(September 15, 2015 at 9:24 pm)Godschild Wrote: You believe what you do because you do not know God. Yes some children are talked into believing I've seen it happen, they are the ones who usually leave Christianity. I know plenty of children that have chosen Christ and have been in a very good relationship with God. If there where plenty of evidence for Christ, enough to convince you then where would the choice be, it wouldn't. You as many others would jump on the salvation train wanting you ticket punched for heaven, but where would be the love, the love for God instead of the selfish desire just to be in heaven. You see it's more than having evidence about Christ, it's about the love of Christ and what He did for you. So you and the others that insist on evidence (proof) will never get it until you have chosen the unseen Savior and that's when He will reveal himself to you with the evidence you were seeking.
GC
You missed the entire premise of my point: If god exists, then god is unreasonable. He expects people to believe in, worship, and follow him. And if they do not, then he sends them to a place of eternal torment. Without evidence, this is completely unreasonable.
God doesn't reveal evidence for himself once you choose the unseen 'savior'. When you choose the unseen savior you let confirmation bias convince you that God is actually real because that is what you want to be real.

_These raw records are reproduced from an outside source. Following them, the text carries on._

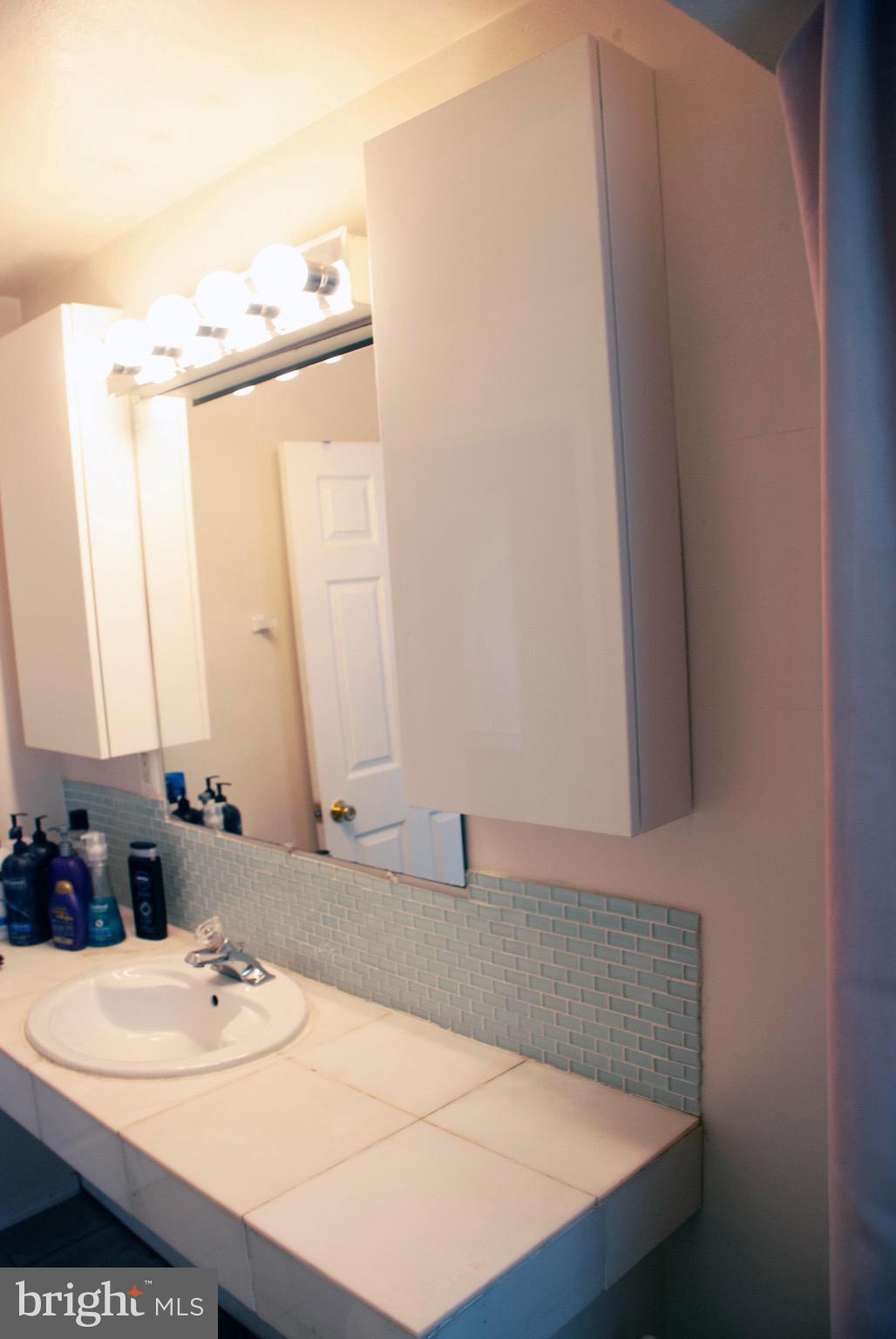 1656 Pennington Road Ewing, NJ 08618 - Photo 9 of 13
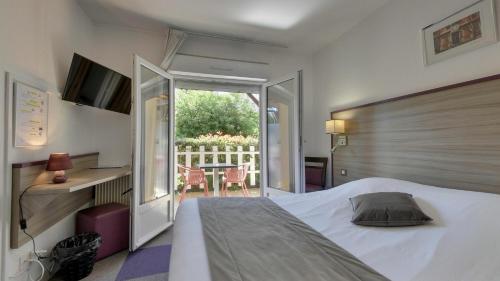 Ένα ή περισσότερα κρεβάτια σε δωμάτιο στο Contact Hôtel O'Nice Saintes
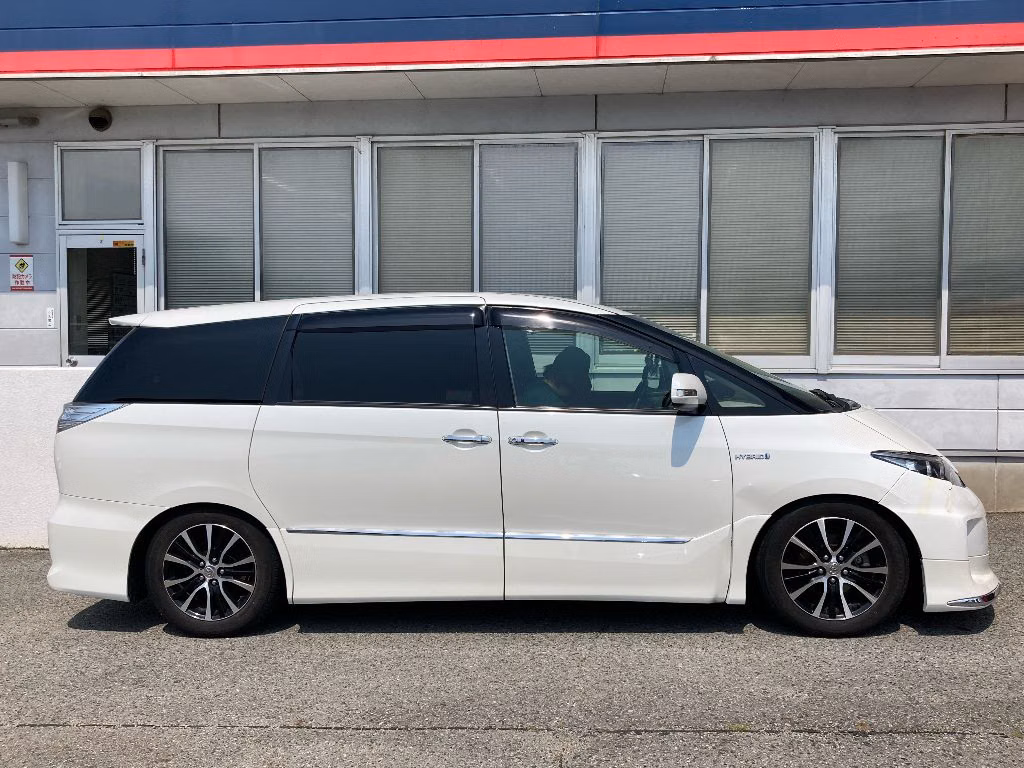 TOYOTA ESTIMA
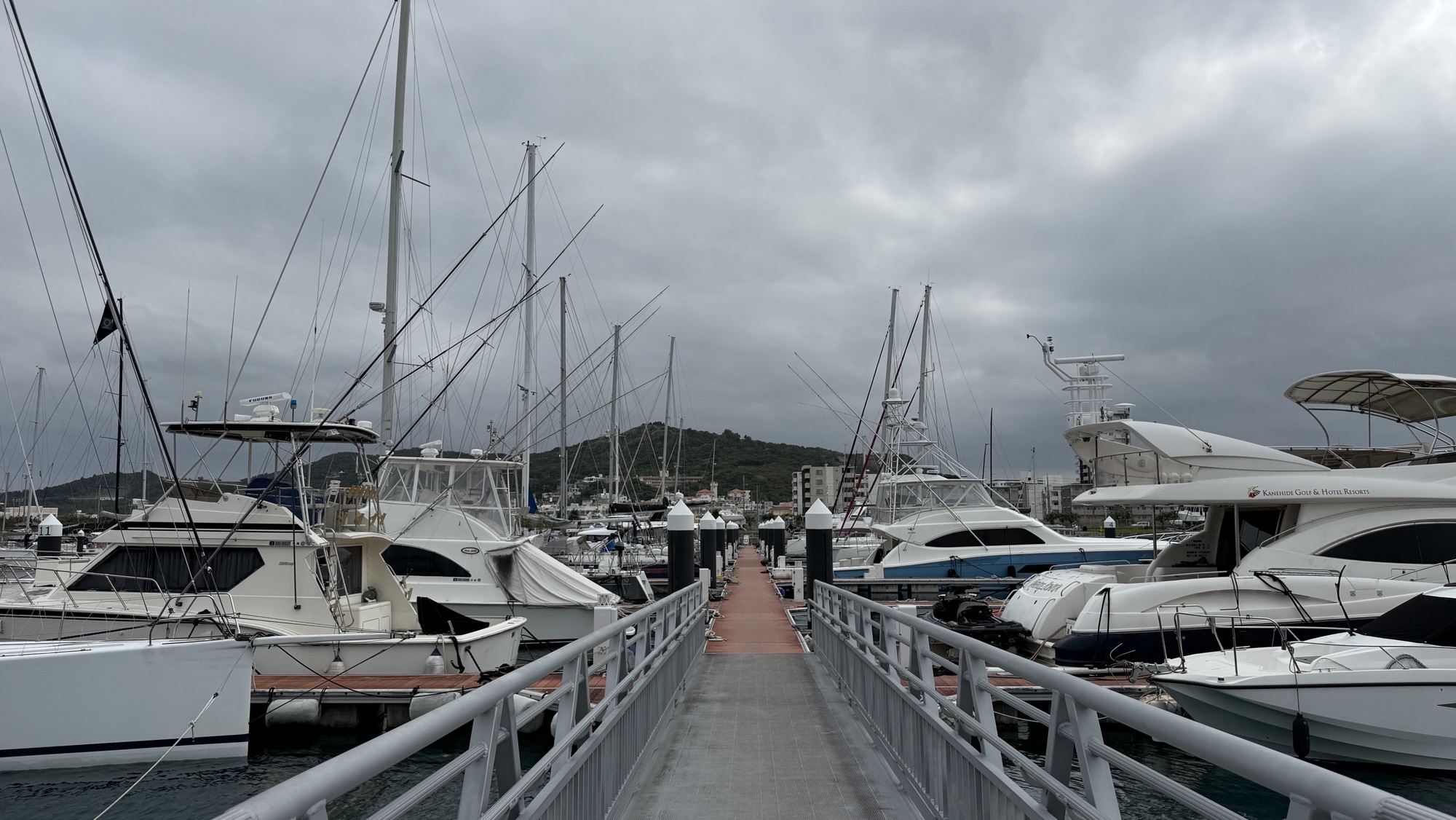 チャーター船改造中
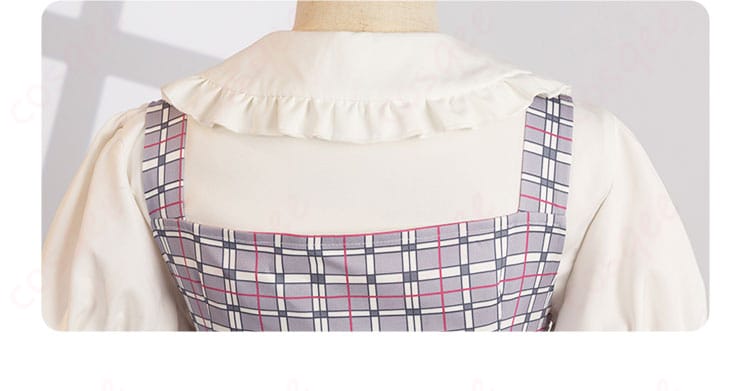 服装背面装飾の詳細 - 本庄真奈美と神崎愛実のコスプレ衣装の背面装飾画像。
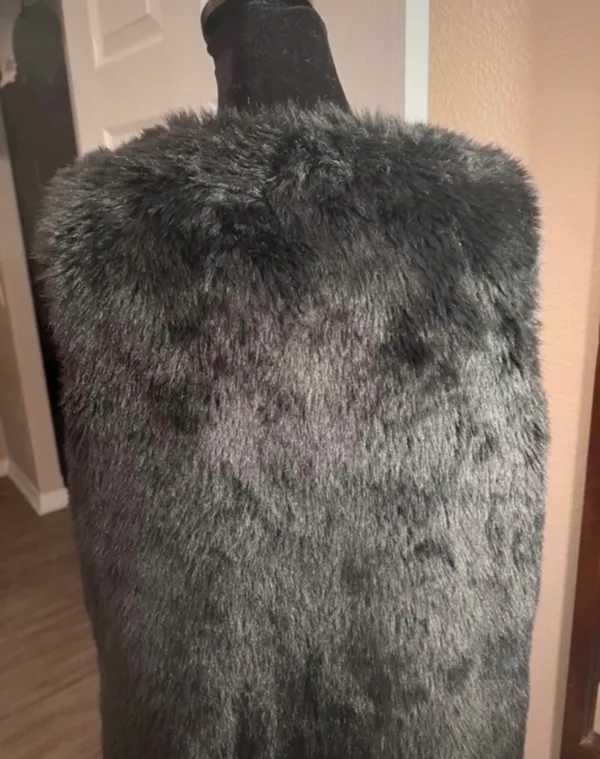 Sleeveless faux fur black vest - Image 4
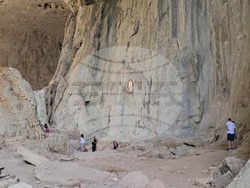 Село Карлуково - забележителности - Пещерен дом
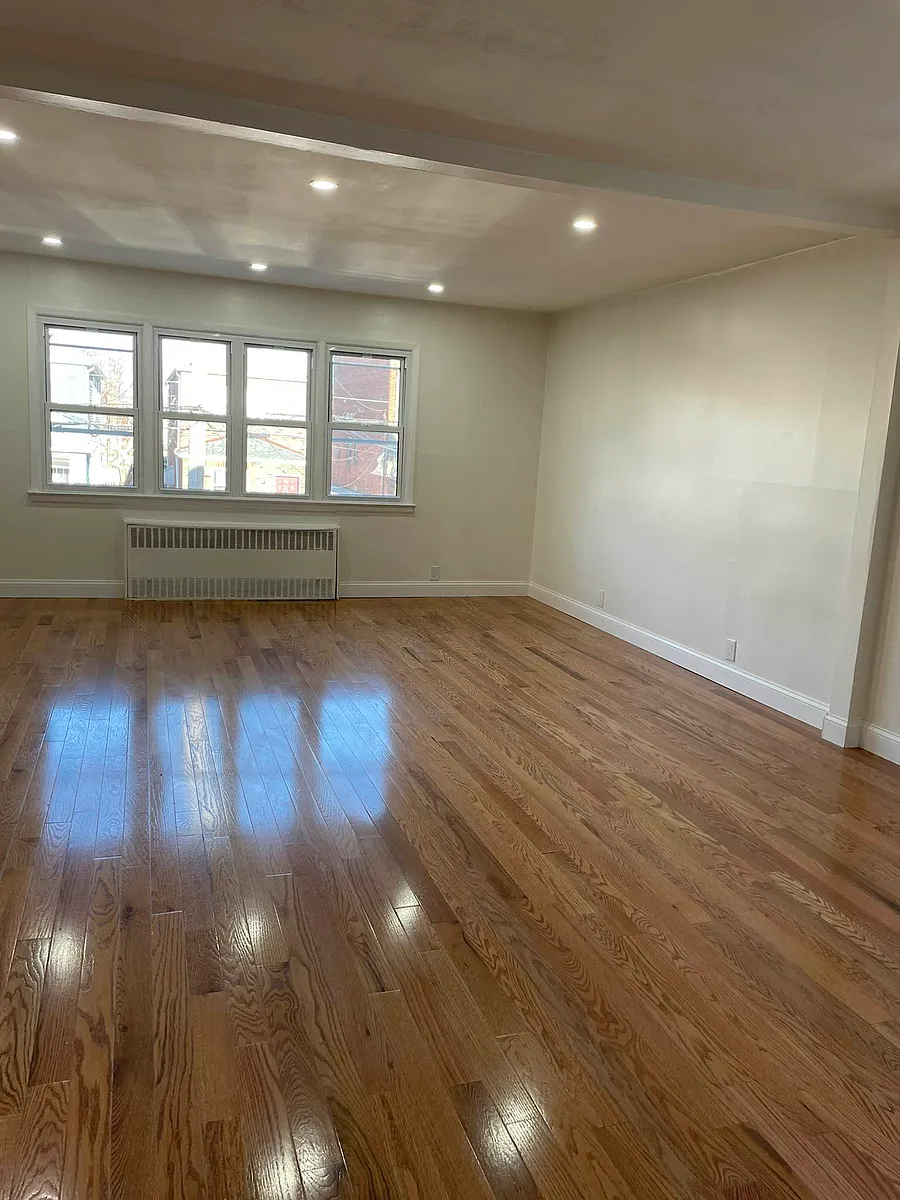 Building Photo - 1560 E 54th St #2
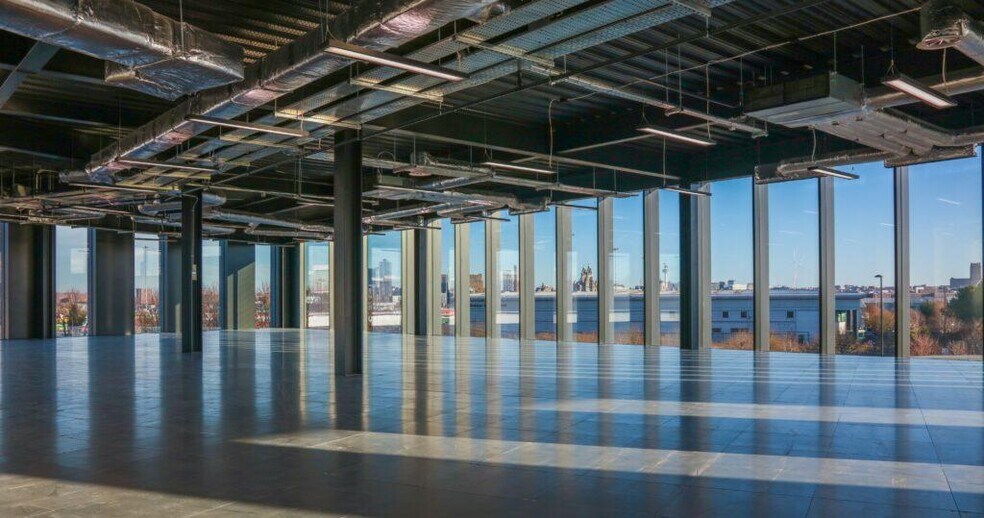 1 Tower Rd, Birkenhead à louer - Photo du bâtiment - Image 3 de 26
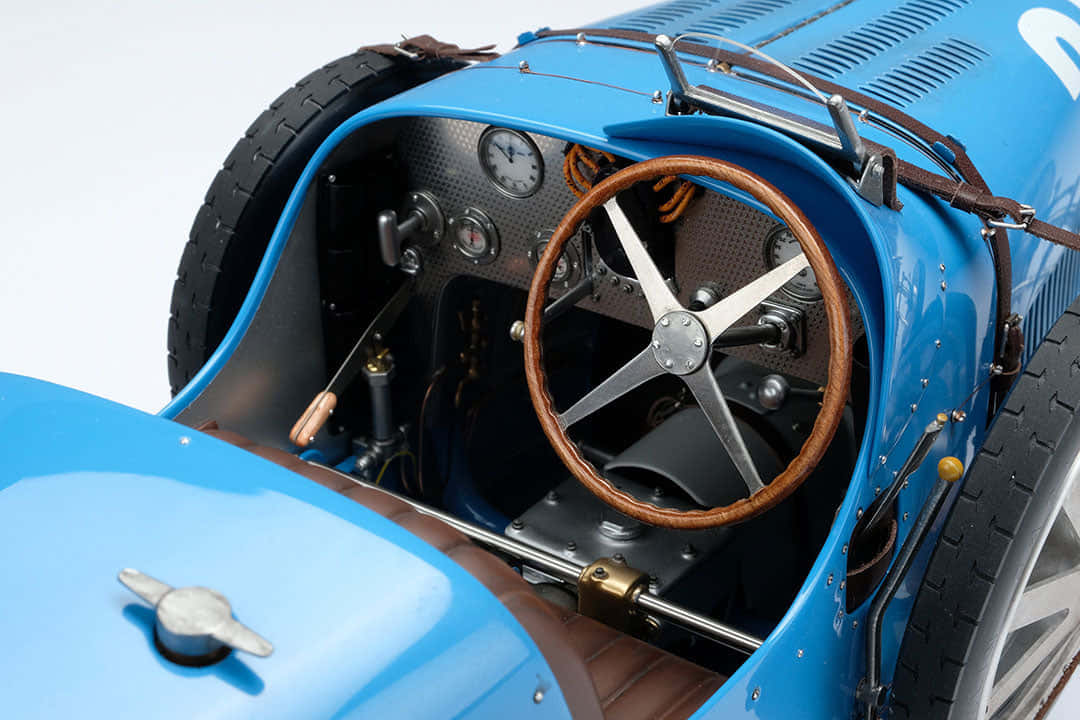 Vintage Elegance – Bugatti Type 35 Wallpaper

Besides, Christ's disciples allegedly (according to the bible) witnessed the miracles of Jesus first hand. They weren't required to choose to see the unseen savior, they saw him with their own eyes first, and then accepted him. What sort of god would expect others to set aside reason to believe in him to show evidence, and those that don't he sends to a place of eternal torment.
Not to mention that Adam and Eve in the same book conversed with God, and yet still they disobeyed him. As did David, and as did many others. Knowing god does not mean that you cannot or will not disobey him. So the free will argument is nothing but a pile of bullshit.
This god of yours doesn't sound remotely reasonable. Nor does he sound remotely loving. Which to me suggests that he would not have sacrificed himself to save the souls of anyone, because a non-loving god would not do that. And a loving god would not have expectations of faith before reason.